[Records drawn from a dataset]
# # # # # # #

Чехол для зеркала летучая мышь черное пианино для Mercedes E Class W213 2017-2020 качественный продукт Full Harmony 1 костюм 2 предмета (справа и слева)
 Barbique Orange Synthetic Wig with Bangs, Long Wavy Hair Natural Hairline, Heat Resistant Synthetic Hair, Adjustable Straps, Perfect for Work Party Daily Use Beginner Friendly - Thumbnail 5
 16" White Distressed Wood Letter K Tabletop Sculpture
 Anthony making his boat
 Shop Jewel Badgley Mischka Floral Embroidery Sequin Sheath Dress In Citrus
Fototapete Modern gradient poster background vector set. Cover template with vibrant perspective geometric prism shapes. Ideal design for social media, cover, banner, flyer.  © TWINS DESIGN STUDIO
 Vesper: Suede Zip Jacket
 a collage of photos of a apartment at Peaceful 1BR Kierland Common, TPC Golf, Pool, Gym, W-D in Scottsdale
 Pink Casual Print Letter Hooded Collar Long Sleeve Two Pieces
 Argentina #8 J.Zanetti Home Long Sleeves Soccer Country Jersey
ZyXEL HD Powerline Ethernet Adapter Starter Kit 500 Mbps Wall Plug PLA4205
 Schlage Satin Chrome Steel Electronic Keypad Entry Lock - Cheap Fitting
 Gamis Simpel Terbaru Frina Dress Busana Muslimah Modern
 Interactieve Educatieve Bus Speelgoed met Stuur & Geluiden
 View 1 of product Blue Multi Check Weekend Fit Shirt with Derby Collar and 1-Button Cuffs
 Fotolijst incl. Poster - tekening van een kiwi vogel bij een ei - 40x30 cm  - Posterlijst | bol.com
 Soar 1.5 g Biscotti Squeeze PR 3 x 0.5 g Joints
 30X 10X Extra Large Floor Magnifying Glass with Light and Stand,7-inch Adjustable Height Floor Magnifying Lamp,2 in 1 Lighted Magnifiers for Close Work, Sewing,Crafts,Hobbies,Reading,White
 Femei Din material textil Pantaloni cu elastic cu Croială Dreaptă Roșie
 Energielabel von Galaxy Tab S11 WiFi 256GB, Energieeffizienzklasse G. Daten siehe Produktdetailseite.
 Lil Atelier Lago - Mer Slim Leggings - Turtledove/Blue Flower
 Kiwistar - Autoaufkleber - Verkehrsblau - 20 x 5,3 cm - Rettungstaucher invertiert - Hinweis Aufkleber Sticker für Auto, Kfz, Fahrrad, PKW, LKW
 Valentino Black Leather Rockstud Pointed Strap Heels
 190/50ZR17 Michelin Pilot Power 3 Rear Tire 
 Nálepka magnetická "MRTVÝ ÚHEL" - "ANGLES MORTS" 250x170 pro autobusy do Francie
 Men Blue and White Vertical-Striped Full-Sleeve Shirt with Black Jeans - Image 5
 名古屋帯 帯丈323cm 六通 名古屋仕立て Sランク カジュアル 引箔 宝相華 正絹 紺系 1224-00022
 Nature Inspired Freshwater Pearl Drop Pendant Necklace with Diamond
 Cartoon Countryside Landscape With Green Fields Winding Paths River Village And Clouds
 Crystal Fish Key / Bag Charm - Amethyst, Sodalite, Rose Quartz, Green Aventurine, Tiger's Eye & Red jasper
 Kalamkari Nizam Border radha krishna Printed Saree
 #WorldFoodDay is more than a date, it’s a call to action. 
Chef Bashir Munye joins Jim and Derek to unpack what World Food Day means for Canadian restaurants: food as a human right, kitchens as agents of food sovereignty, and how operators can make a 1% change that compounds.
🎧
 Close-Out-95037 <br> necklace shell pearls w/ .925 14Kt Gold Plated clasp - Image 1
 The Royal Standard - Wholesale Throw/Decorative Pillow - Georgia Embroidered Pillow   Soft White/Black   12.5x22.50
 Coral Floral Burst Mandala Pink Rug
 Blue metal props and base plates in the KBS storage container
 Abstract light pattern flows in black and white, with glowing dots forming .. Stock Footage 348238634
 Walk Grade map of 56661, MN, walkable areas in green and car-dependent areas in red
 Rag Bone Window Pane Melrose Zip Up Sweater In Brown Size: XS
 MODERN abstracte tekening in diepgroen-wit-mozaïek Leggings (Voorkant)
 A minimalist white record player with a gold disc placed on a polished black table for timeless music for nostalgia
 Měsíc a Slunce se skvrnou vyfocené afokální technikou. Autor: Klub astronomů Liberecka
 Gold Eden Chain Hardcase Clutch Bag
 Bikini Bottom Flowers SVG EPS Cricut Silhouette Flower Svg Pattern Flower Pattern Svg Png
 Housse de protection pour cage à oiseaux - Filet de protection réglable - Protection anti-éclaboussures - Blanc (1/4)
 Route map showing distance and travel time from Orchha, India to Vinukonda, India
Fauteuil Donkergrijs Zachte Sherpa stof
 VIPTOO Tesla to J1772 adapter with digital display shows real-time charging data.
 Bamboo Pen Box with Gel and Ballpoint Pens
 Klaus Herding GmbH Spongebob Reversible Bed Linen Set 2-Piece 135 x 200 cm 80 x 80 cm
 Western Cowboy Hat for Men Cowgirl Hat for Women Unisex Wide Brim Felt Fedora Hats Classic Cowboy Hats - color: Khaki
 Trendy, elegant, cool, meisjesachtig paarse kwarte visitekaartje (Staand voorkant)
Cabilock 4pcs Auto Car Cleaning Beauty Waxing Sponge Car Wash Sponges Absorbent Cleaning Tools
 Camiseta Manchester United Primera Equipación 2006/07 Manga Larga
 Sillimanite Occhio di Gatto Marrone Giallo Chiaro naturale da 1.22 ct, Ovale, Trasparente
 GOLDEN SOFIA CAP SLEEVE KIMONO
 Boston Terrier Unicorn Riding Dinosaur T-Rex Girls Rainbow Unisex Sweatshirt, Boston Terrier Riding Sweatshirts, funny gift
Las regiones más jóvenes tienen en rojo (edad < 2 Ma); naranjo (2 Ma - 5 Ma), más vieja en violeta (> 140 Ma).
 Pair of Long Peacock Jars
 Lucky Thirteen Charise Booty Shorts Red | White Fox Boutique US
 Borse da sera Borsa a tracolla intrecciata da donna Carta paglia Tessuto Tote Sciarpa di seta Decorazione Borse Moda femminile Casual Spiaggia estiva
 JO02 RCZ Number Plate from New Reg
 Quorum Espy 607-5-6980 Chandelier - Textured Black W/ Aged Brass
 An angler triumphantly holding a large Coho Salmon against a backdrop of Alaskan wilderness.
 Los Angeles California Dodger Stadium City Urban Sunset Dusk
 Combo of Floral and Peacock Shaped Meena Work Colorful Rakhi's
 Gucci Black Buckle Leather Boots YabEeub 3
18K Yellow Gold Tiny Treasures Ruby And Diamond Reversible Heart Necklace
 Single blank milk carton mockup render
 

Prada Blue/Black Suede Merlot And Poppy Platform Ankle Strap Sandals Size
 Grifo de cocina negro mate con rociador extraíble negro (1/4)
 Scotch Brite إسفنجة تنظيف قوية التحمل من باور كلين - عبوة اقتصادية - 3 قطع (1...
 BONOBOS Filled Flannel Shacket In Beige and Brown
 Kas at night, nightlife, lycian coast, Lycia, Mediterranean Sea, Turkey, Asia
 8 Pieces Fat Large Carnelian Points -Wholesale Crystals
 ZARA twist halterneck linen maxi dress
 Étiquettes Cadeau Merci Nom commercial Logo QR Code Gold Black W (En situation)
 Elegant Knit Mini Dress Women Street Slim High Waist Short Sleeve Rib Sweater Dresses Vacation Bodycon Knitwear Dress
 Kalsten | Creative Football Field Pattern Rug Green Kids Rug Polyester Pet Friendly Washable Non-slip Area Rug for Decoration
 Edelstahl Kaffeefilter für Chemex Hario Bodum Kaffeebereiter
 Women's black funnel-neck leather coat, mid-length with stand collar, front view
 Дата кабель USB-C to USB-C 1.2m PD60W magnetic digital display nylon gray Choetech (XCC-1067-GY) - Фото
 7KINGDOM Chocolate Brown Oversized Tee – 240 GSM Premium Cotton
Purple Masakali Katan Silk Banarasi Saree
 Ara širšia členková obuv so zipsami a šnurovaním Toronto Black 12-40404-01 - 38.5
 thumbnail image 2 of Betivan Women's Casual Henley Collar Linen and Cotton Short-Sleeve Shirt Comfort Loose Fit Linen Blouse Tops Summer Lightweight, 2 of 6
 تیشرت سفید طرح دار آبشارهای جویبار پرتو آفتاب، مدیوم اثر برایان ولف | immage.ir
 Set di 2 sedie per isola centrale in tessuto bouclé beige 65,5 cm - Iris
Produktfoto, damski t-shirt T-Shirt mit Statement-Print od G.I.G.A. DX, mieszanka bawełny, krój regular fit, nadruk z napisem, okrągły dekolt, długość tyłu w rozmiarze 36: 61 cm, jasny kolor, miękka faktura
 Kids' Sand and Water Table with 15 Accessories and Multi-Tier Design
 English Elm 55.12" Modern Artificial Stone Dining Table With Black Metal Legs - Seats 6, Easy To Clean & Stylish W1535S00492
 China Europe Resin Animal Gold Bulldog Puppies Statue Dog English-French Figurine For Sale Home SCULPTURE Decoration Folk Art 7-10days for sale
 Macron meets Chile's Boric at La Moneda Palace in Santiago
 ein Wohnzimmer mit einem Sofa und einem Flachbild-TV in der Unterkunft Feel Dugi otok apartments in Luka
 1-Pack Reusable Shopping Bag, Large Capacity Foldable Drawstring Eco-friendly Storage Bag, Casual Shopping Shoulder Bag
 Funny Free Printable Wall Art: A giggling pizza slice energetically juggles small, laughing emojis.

# # # # # # #

### Task description
Once the line with "Gold Eden Chain Hardcase Clutch Bag" is found in the records above, print exactly that line and every line after it through the line with "Housse de protection".

### Expected output
 Gold Eden Chain Hardcase Clutch Bag
 Bikini Bottom Flowers SVG EPS Cricut Silhouette Flower Svg Pattern Flower Pattern Svg Png
 Housse de protection pour cage à oiseaux - Filet de protection réglable - Protection anti-éclaboussures - Blanc (1/4)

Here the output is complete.